## Problem requirements
Write the full listing out again, word for word, but omit the pictures.

## Data extract
- - - -

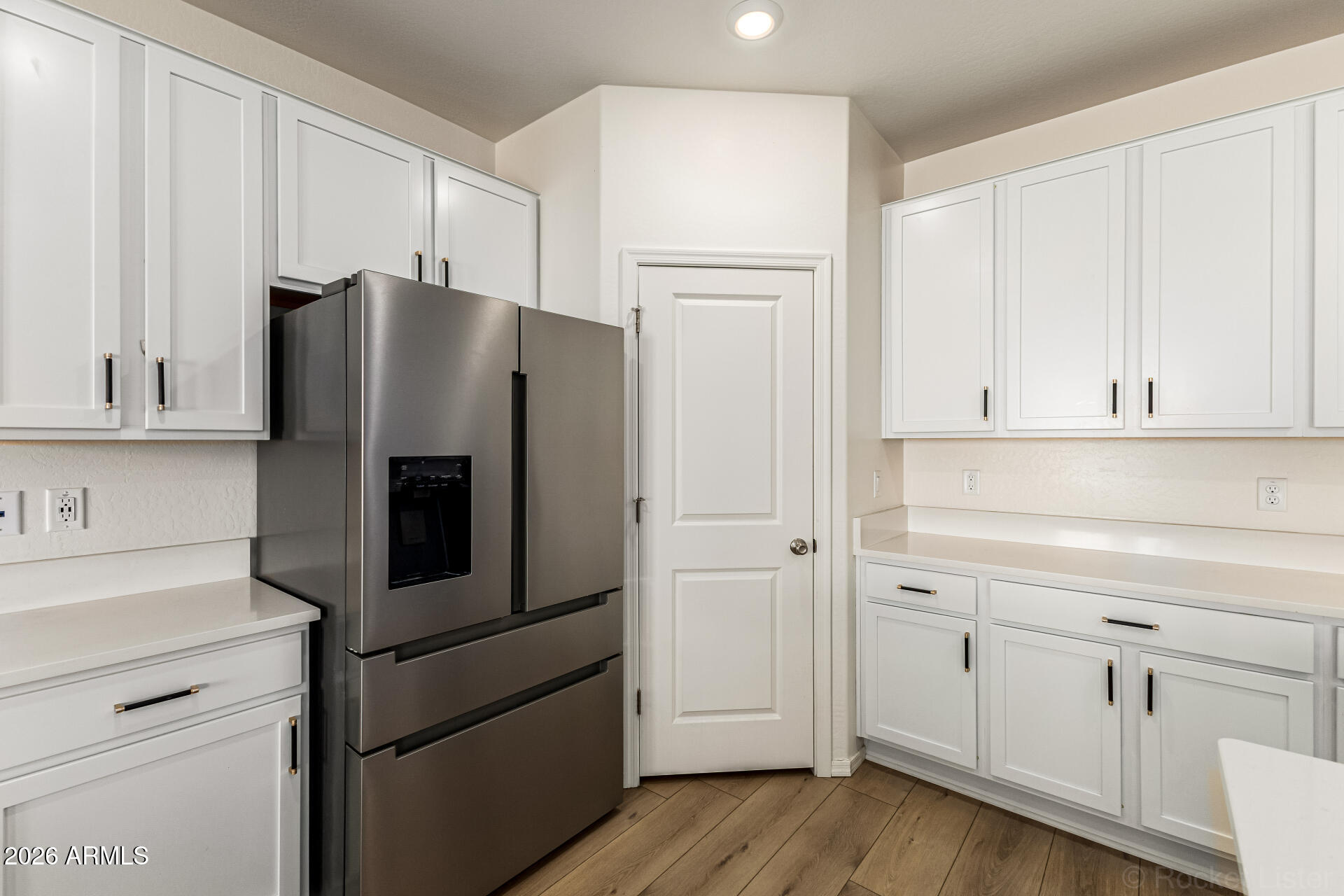 3022 West Estes Way Laveen, AZ 85339 - Photo 15 of 37 a kitchen with stainless steel appliances white cabinets and a refrigerator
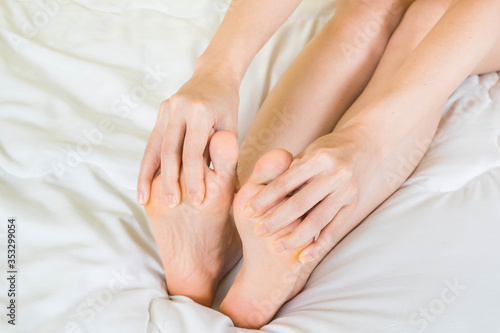 woman holding hand to Sole of the foot  Foot ache Health care concept selective focus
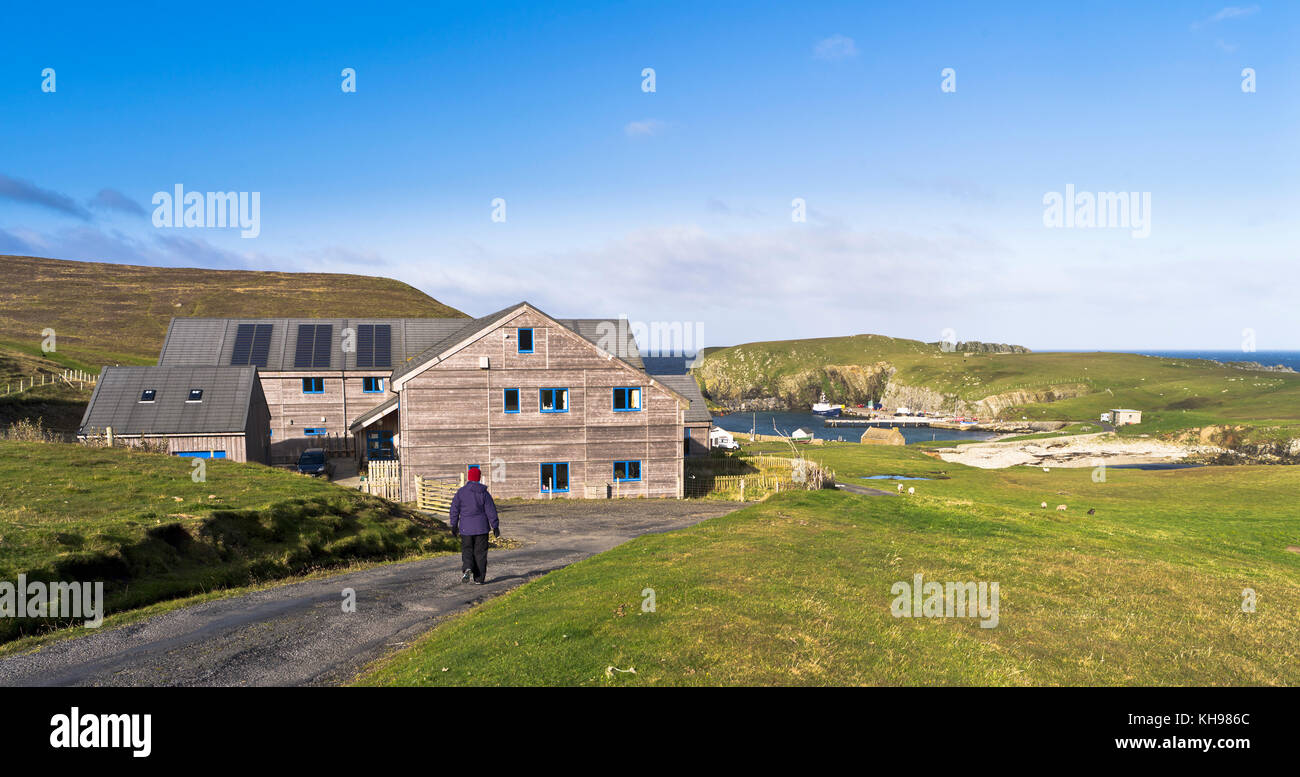 dh BIRD OBSERVATORY FAIR ISLE Hiker woman walking down road to North Haven Stock Photo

- - - -

## Finished exercise
 3022 West Estes Way Laveen, AZ 85339 - Photo 15 of 37 a kitchen with stainless steel appliances white cabinets and a refrigerator
 woman holding hand to Sole of the foot  Foot ache Health care concept selective focus
 dh BIRD OBSERVATORY FAIR ISLE Hiker woman walking down road to North Haven Stock Photo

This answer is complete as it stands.